Every line of the material must be given again verbatim. Skip the images.

### EXERCISE INPUTS ###

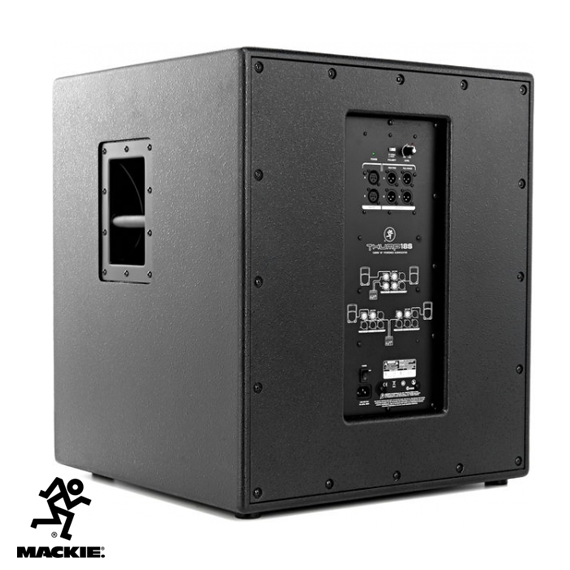 THUMP18S 1x18'' 1200 Watt Aktif Subbass Hoparlör
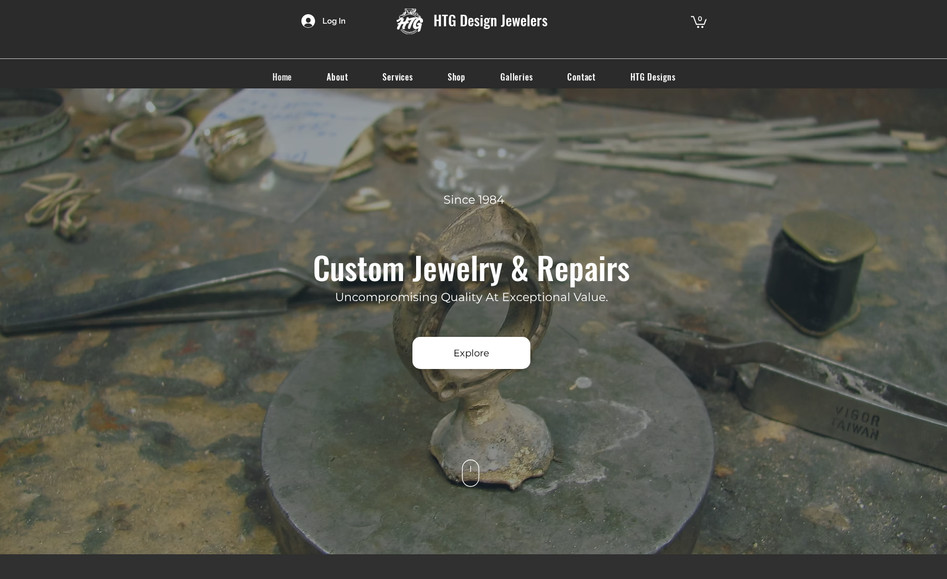 HTG Jewelers: undefined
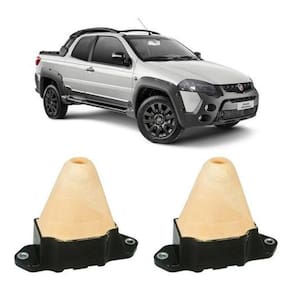 Batente Amortecedor Traseiro Strada Adventure 2008 A 2017
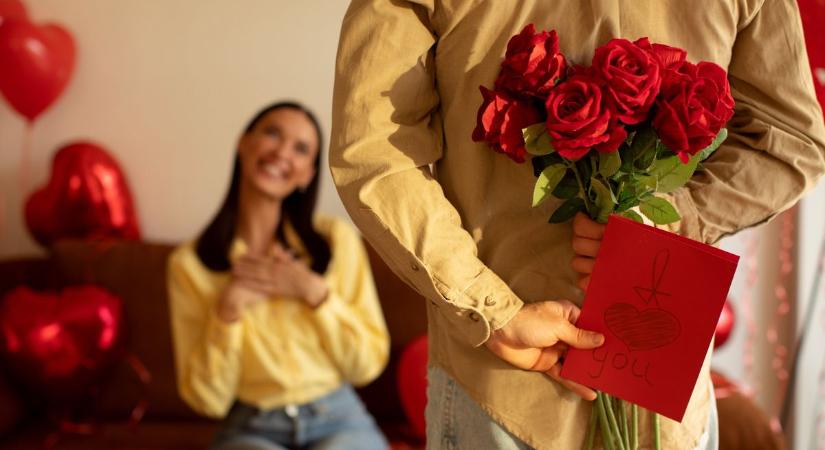 Hazudj, és én elhiszem! – Így működik a férfikölcsönzés Valentin-napon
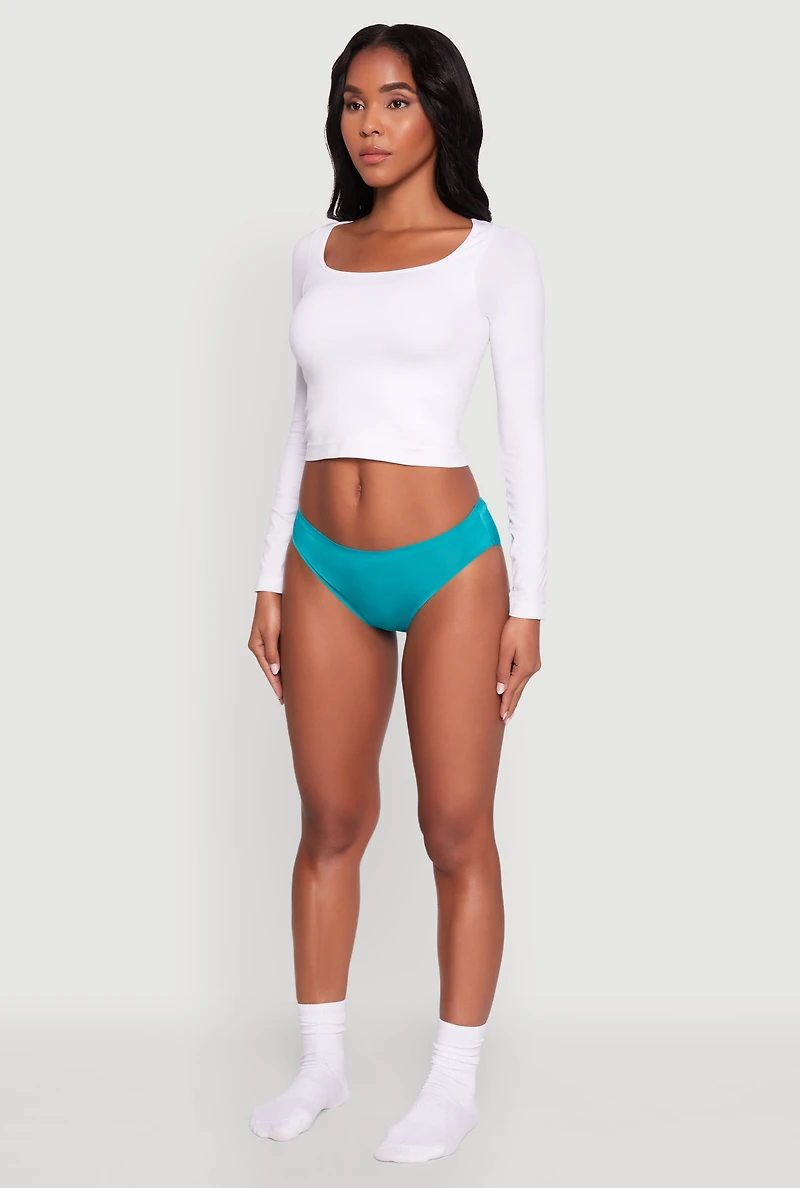 Womens Seamless Comfortable Stylish Underwear,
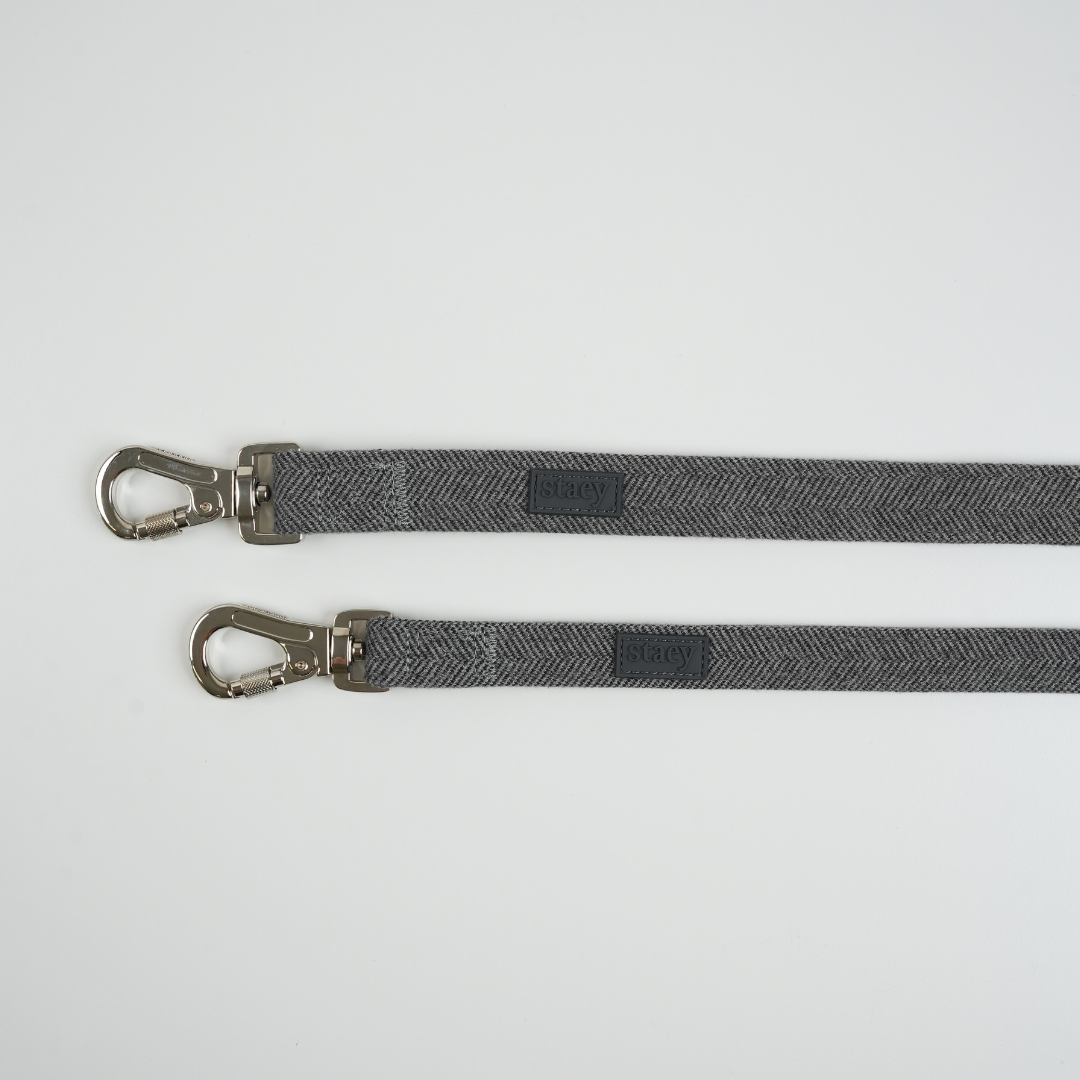 Dog Leash Elma | Dusty Blue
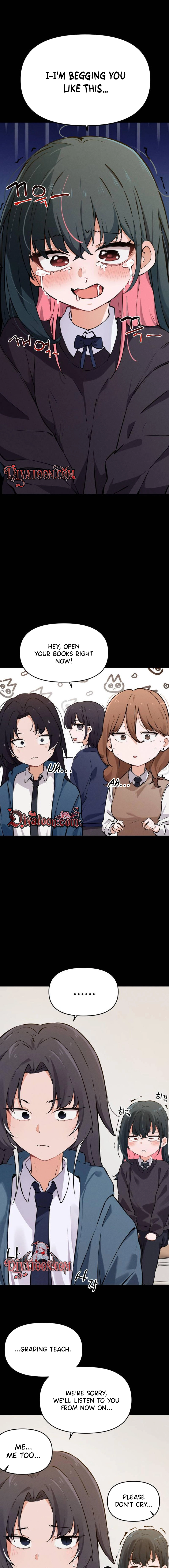 Miss Ji-Hye, The Uncool Adult Chapter 5 - page 19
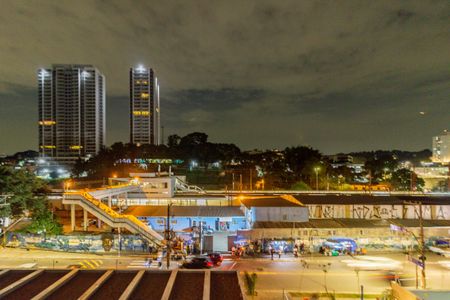 Apartamento para alugar com 35m², 2 quartos e sem vagaVista Quarto 2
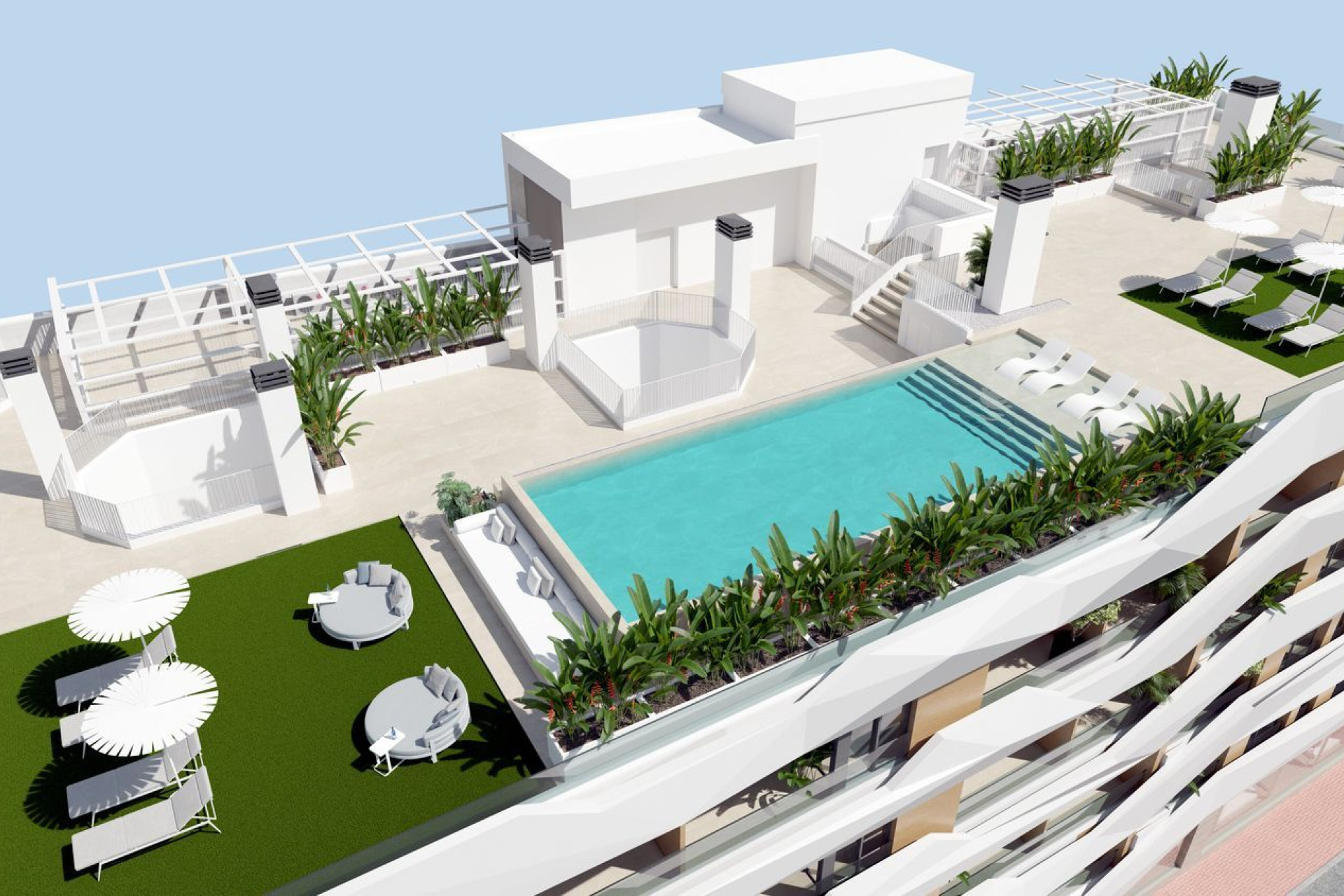 New Build - Apartamentos -
Guardamar del Segura - 03140, Avenida Cervantes, 33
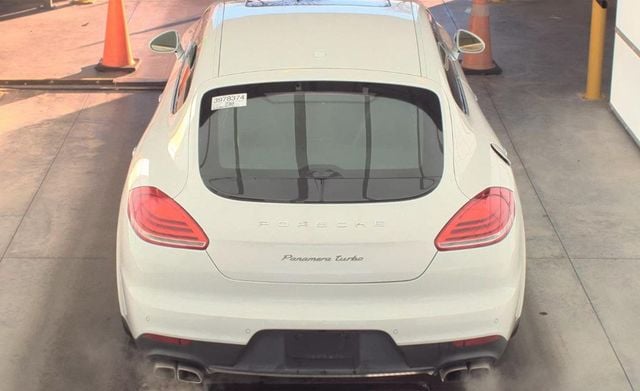2014 Porsche Panamera TURBO EXECUTIVE - 22983567 - 4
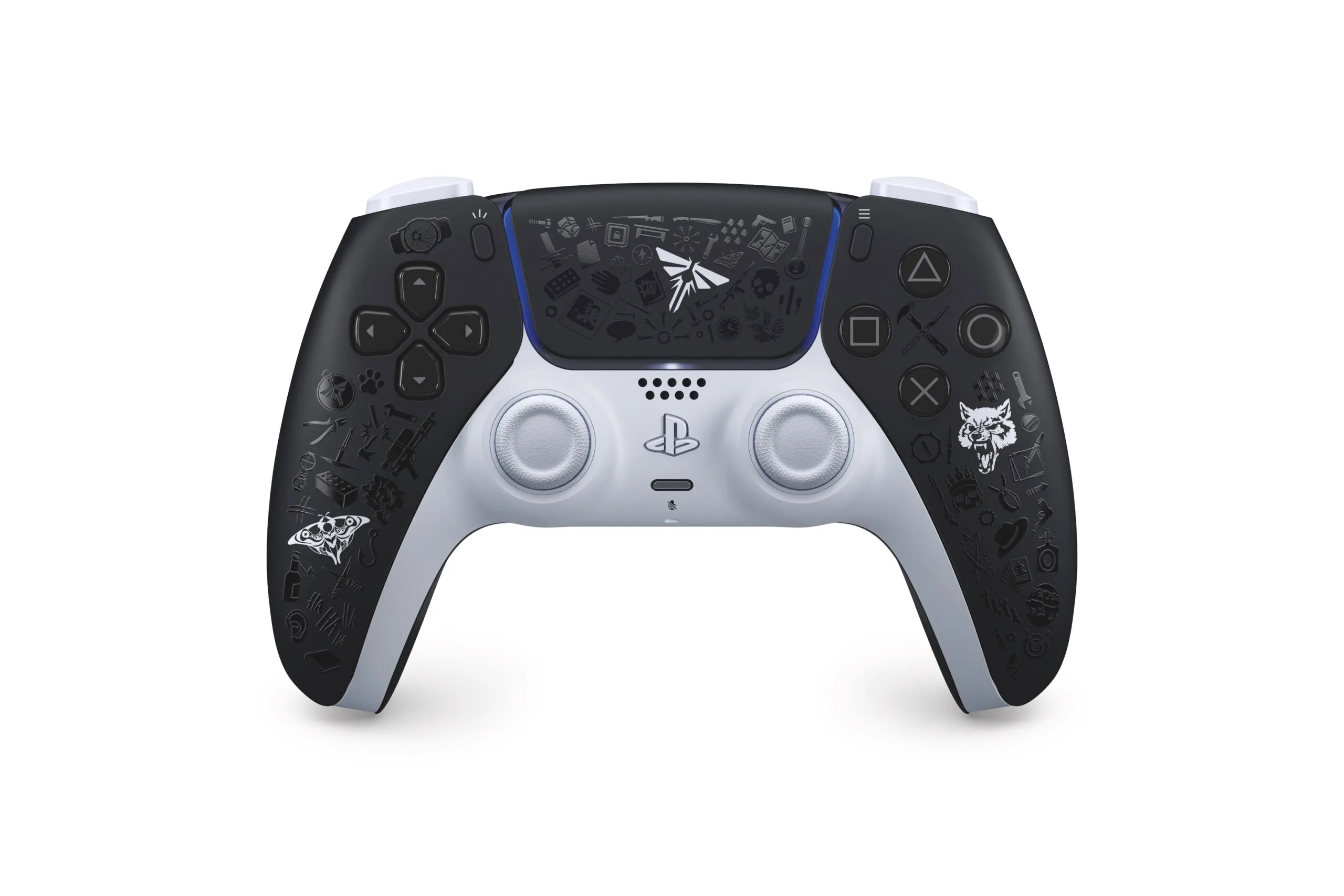 last of us controller the last of us dualsense controller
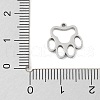304 Stainless Steel Charms STAS-Z054-01P-3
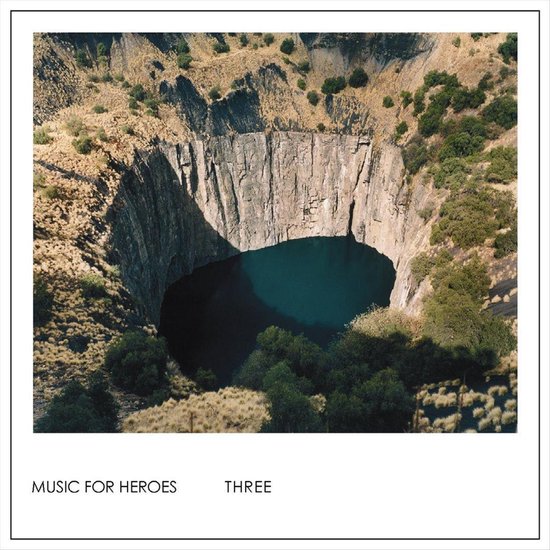 Electronic Music for Heroes, Vol. 3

###

§ **RESULT FOR THIS EXERCISE**:
 THUMP18S 1x18'' 1200 Watt Aktif Subbass Hoparlör
 HTG Jewelers: undefined
 Batente Amortecedor Traseiro Strada Adventure 2008 A 2017
 Hazudj, és én elhiszem! – Így működik a férfikölcsönzés Valentin-napon
 Womens Seamless Comfortable Stylish Underwear,
 Dog Leash Elma | Dusty Blue
 Miss Ji-Hye, The Uncool Adult Chapter 5 - page 19
 Apartamento para alugar com 35m², 2 quartos e sem vagaVista Quarto 2
 New Build - Apartamentos -
Guardamar del Segura - 03140, Avenida Cervantes, 33
2014 Porsche Panamera TURBO EXECUTIVE - 22983567 - 4
 last of us controller the last of us dualsense controller
304 Stainless Steel Charms STAS-Z054-01P-3
 Electronic Music for Heroes, Vol. 3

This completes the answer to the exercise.